As a preferable scheme: and (2) cleaning the stem segments inoculated in the step (1), refrigerating at a low temperature of 4 ℃ for 24 hours in a refrigerator, disinfecting and cleaning the stem segments by using a mercuric chloride solution, and soaking the stem segments in a 1% ascorbic acid solution for 30 minutes.

As a preferable scheme: the WPM minimal medium in the step (2) is added with ZT of 0.5 mg/L, 6-BA of 2.0 mg/L, CH of 0.2 g/L and PVP of 0.5-1.0 g/L.

As a preferable scheme: in the step (3), the WPM minimal medium is added with 0.2 mg/L NAA, 1.0 mg/L6-BA, 0.2 g/L CH and 0.5-1.0 g/L PVP.

As a preferable scheme: and (3) adding 0.2 mg/L NAA and 1.0 g/L AC into the WPM with the rooting medium formula concentration of 50% in the step (4).

As a preferable scheme: the volume ratio of the vermiculite added into the sterilized vegetable garden soil in the step (5) is 1/20.
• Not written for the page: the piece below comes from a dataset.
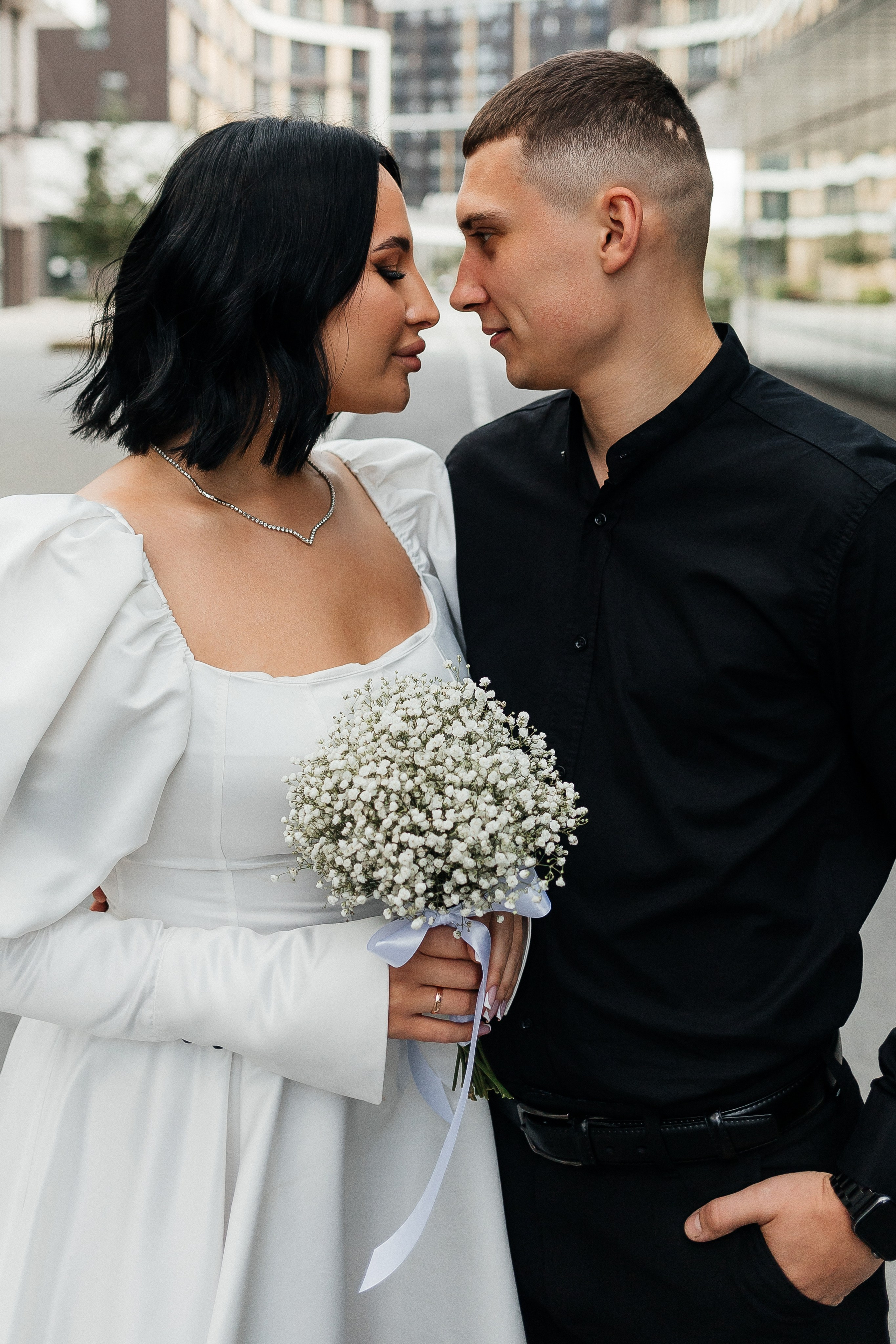 Александр и Карина/2024. Свадебный и семейный фотограф в Екатеринбурге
Compared with the prior art, the invention has the beneficial effects that: by adopting the method, the browning can be reduced as much as possible, the multiplication coefficient can be improved, the ficus variabilis regenerated plant can be quickly obtained, and the industrial production is facilitated. By adopting the method, the induction rate of the cluster buds of the ficus variabilis stem section is up to 87.5 percent, the number of the adventitious buds is 6.8, the multiplication multiple of the adventitious buds can reach 6.5, the rooting rate can reach 100 percent, and the plant transplanting survival rate can reach more than 99 percent.

Detailed Description

The abbreviations are annotated as: HgCl₂Mercuric chloride, AC activated carbon, 6-BA 6-benzylamino adenine, CH hydrolyzed casein, NAA naphthylacetic acid, ZT zeatin and PVP polyvinylpyrrolidone.